START Provided entries

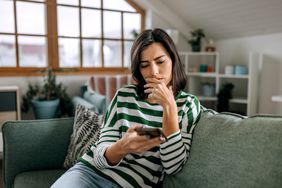 A woman with a worried expression and seated on a couch looks at her smartphone.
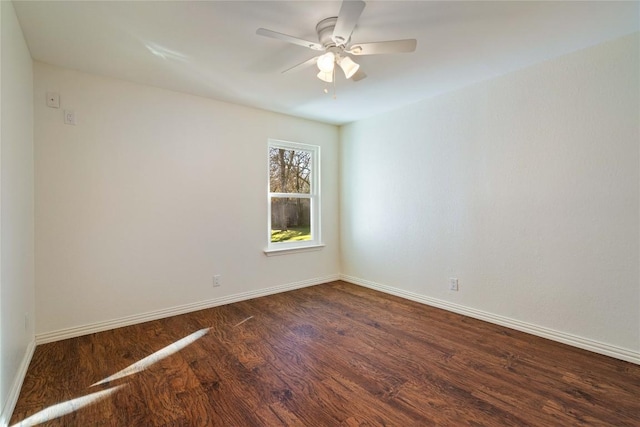 spare room featuring a ceiling fan, dark wood-style flooring, and baseboards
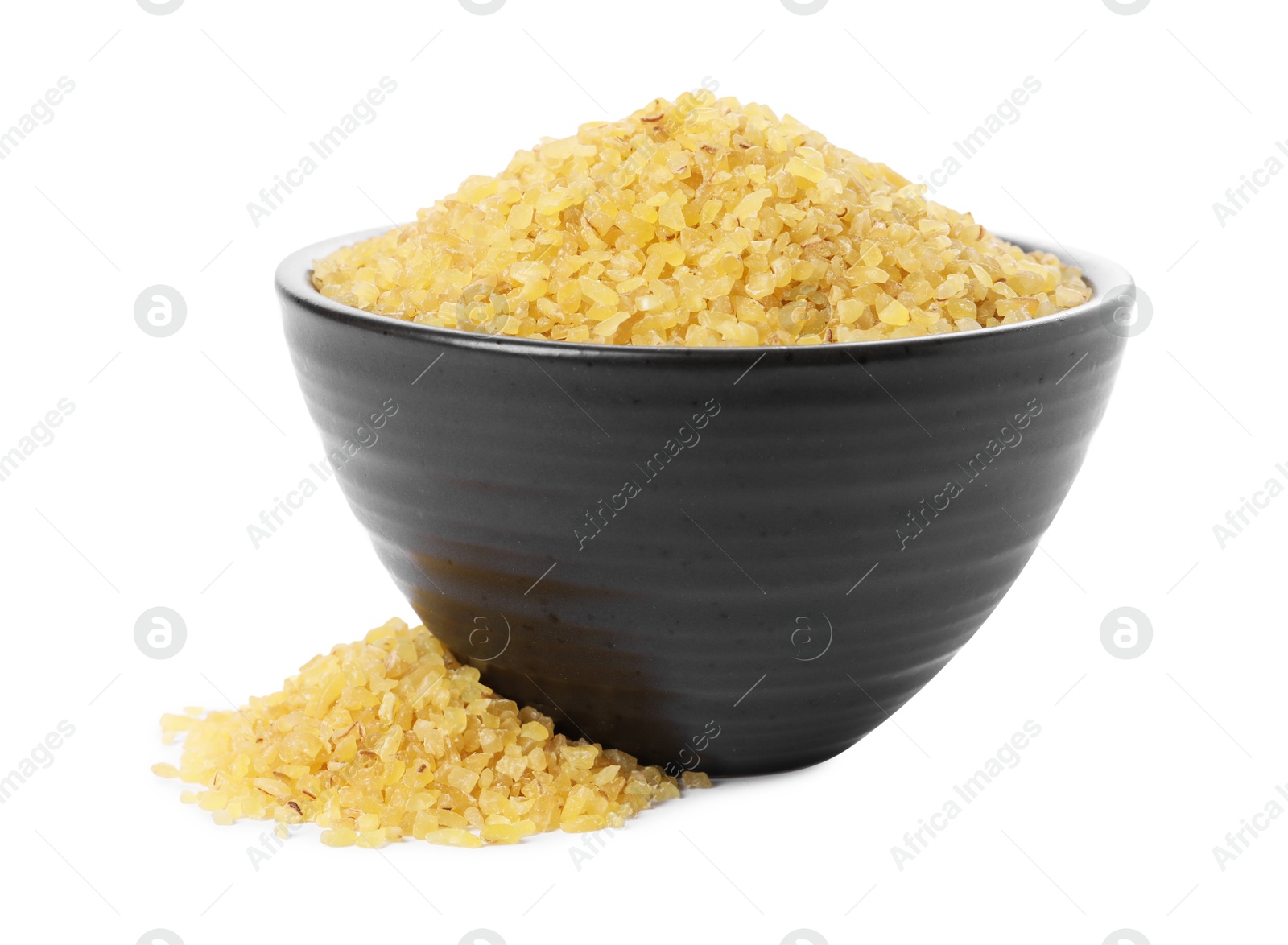 Photo of Raw bulgur in bowl isolated on white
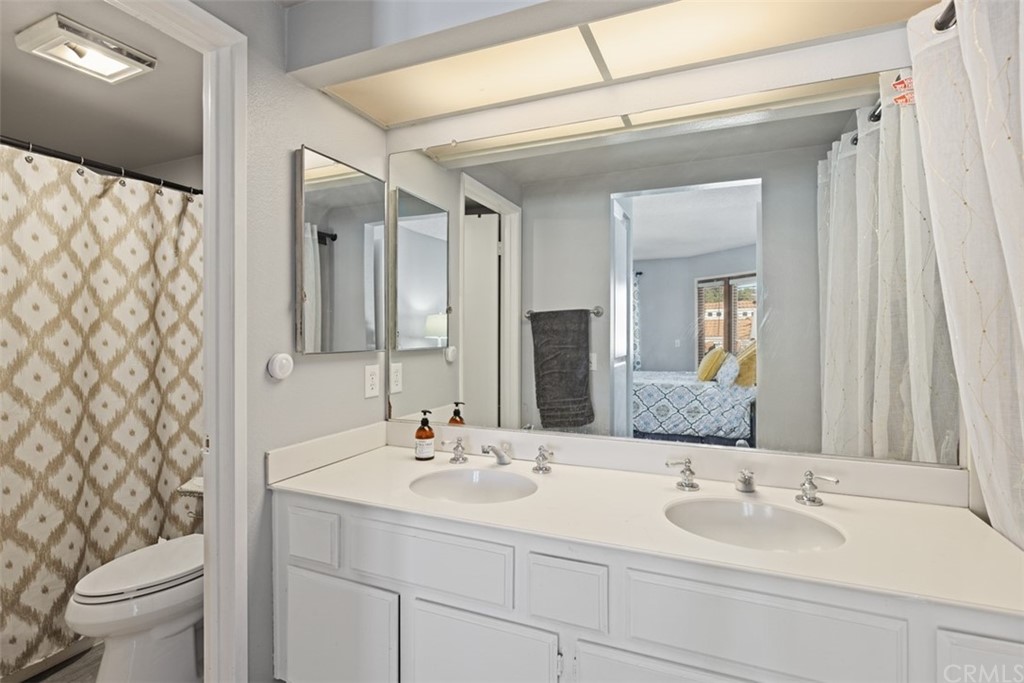 19 Brisa Ribera Rancho Santa Margarita, CA 92688 - Photo 9 of 16 a bedroom with a bed and wooden floor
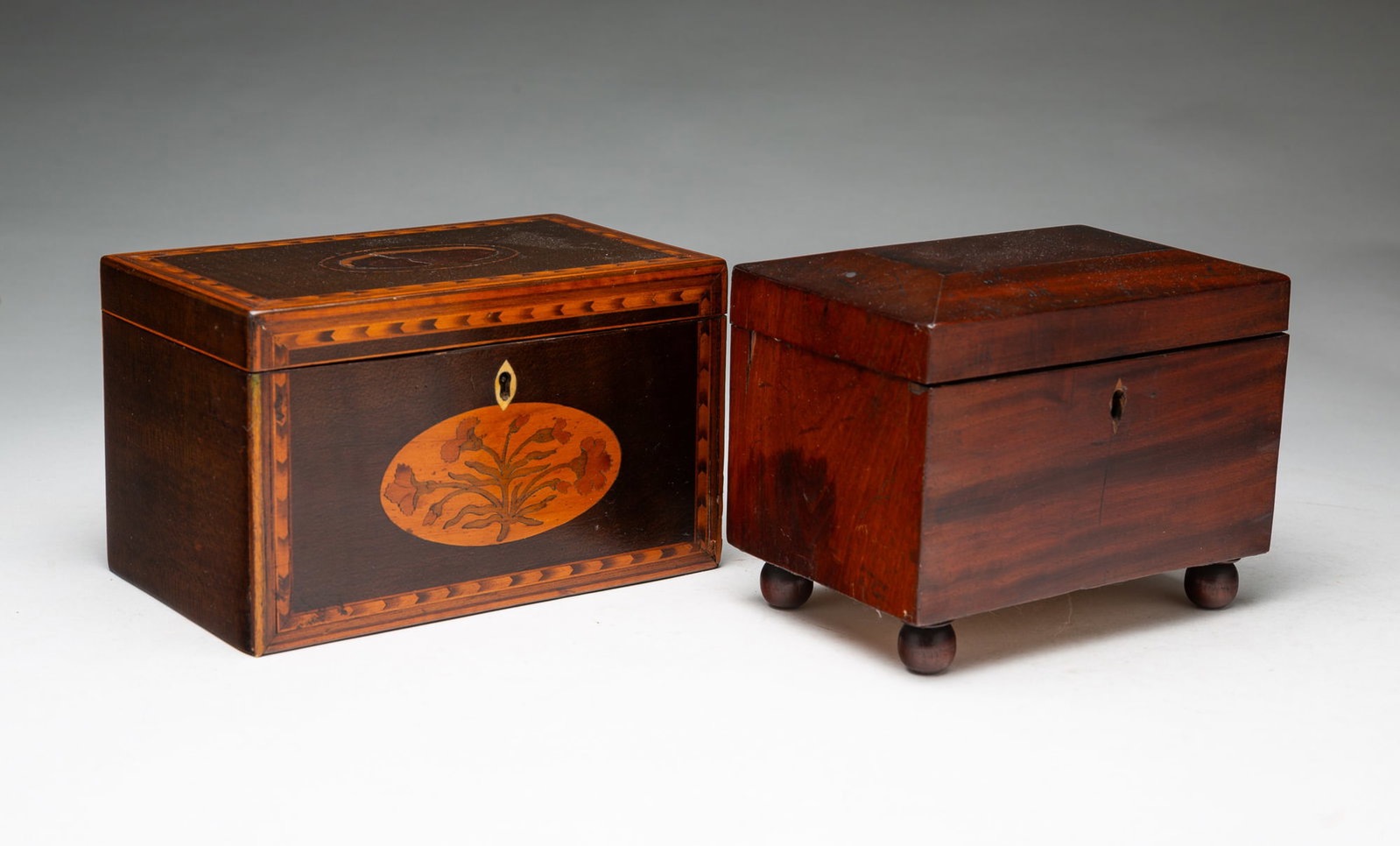 TWO ENGLISH TEA CADDIES.: TWO ENGLISH TEA CADDIES. 19th Century. A mahogany-veneered caddy resting on four bun feet, and a hinged lid that opens to an interior well, 4.5"h. 6"w. And a veneered and marquetry caddy of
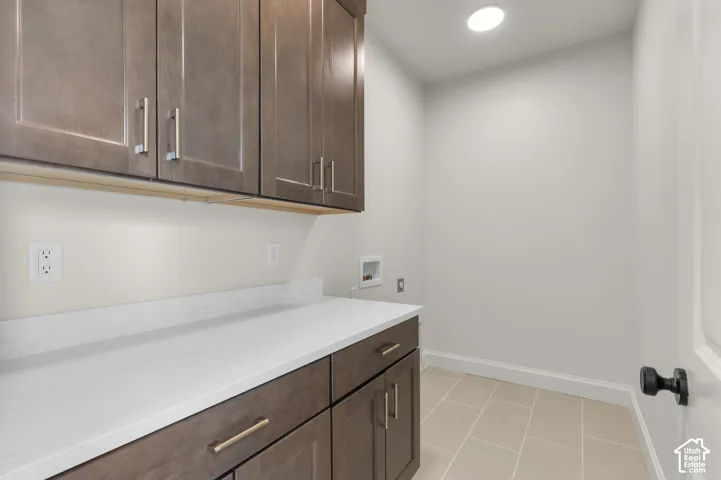 Built-in cabinetry with dark wood-finish, stone-surfaced countertop, integrated recessed lighting, and tile flooring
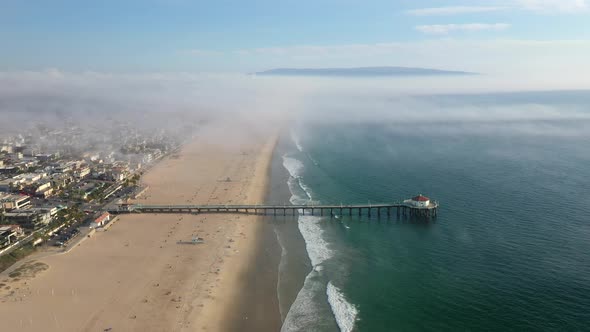 Manhattan Beach Pier On A Misty Day In California, United States - aerial pullback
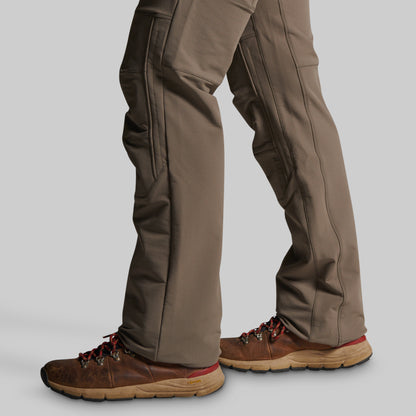 Close-up of a person's legs wearing brown hiking boots and grey pants, shown from the knees down against a light gray studio background.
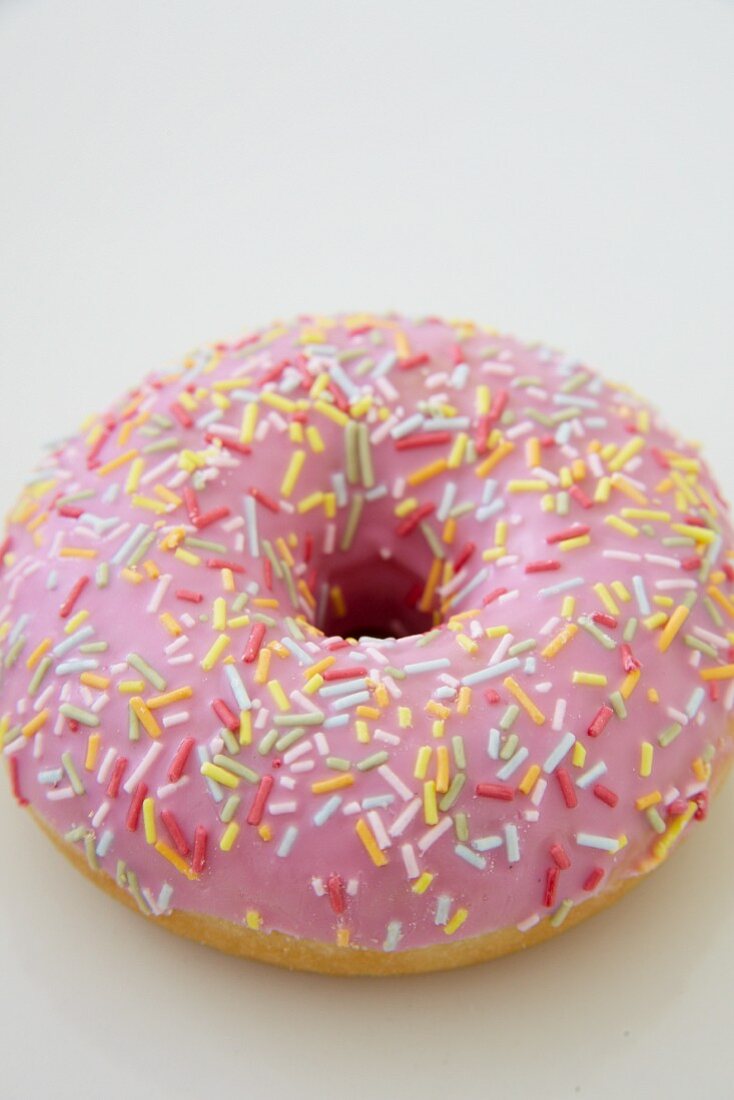 A pink iced doughnut with sugar sprinkles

END Provided entries

• **Exercise**
Give the lines again exactly, starting where the entries begin and stopping once the line with "19 Brisa Ribera" is included; pictures are not copied.

• **Response area**
 A woman with a worried expression and seated on a couch looks at her smartphone.
 spare room featuring a ceiling fan, dark wood-style flooring, and baseboards
 Photo of Raw bulgur in bowl isolated on white
 19 Brisa Ribera Rancho Santa Margarita, CA 92688 - Photo 9 of 16 a bedroom with a bed and wooden floor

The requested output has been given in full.